◆ DATA EXTRACT:

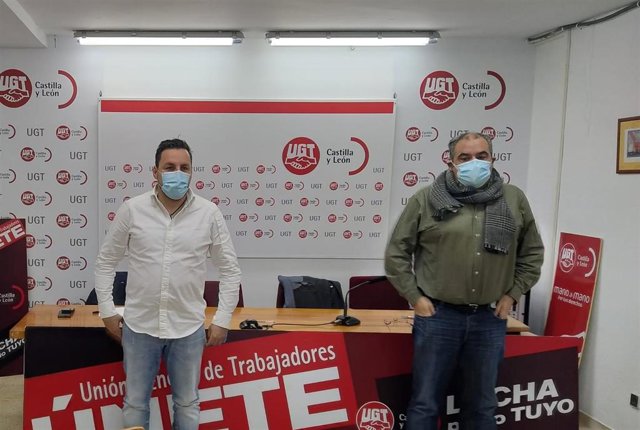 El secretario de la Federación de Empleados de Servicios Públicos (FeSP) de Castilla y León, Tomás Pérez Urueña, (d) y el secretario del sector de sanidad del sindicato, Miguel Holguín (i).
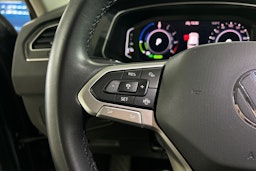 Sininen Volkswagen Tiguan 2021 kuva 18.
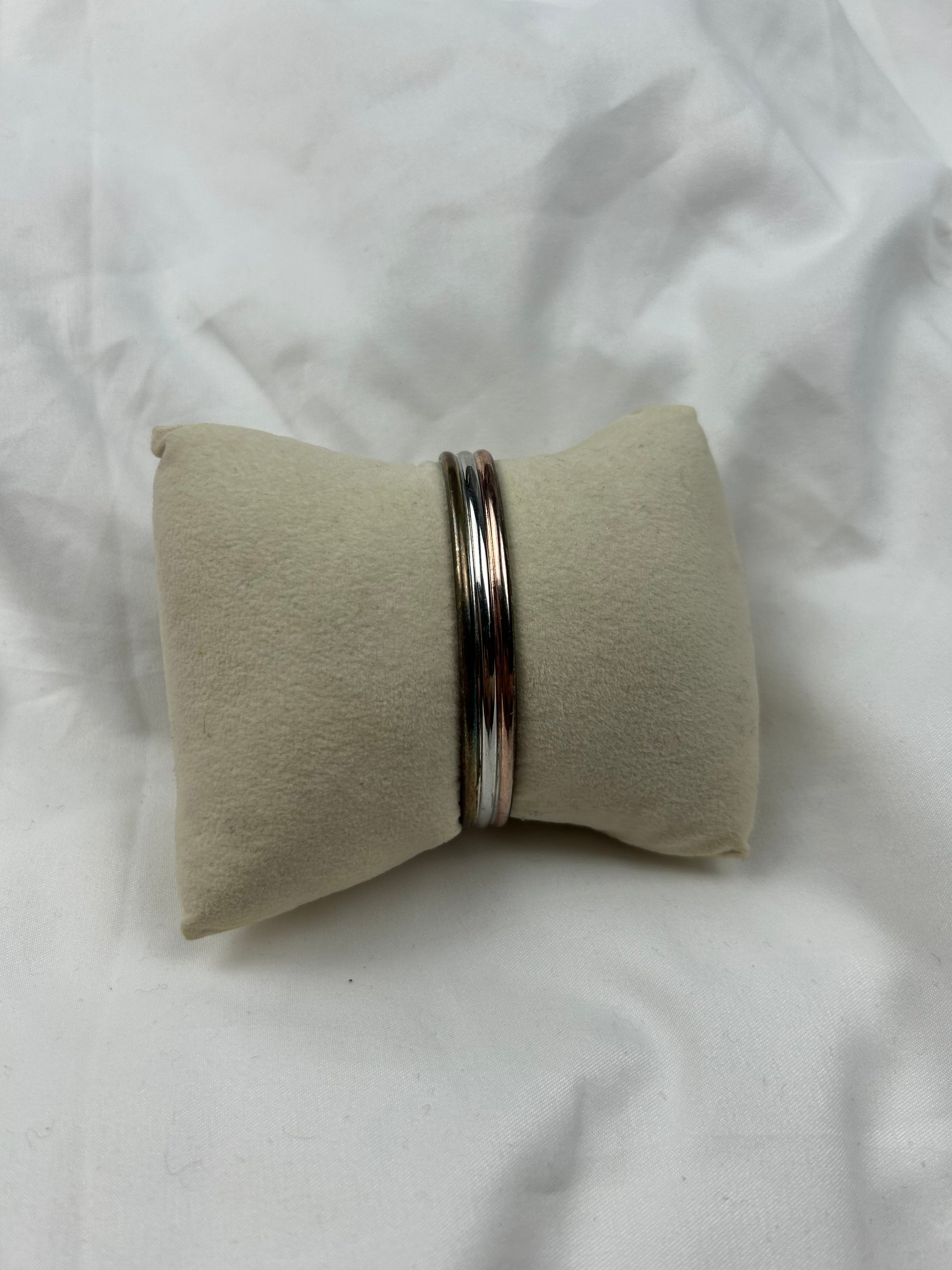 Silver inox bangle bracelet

◆ WHAT YOU WILL DO: Give every line above again exactly, with no pictures.

◆ RESPONSE TO THE EXERCISE:
 El secretario de la Federación de Empleados de Servicios Públicos (FeSP) de Castilla y León, Tomás Pérez Urueña, (d) y el secretario del sector de sanidad del sindicato, Miguel Holguín (i).
 Sininen Volkswagen Tiguan 2021 kuva 18.
 Silver inox bangle bracelet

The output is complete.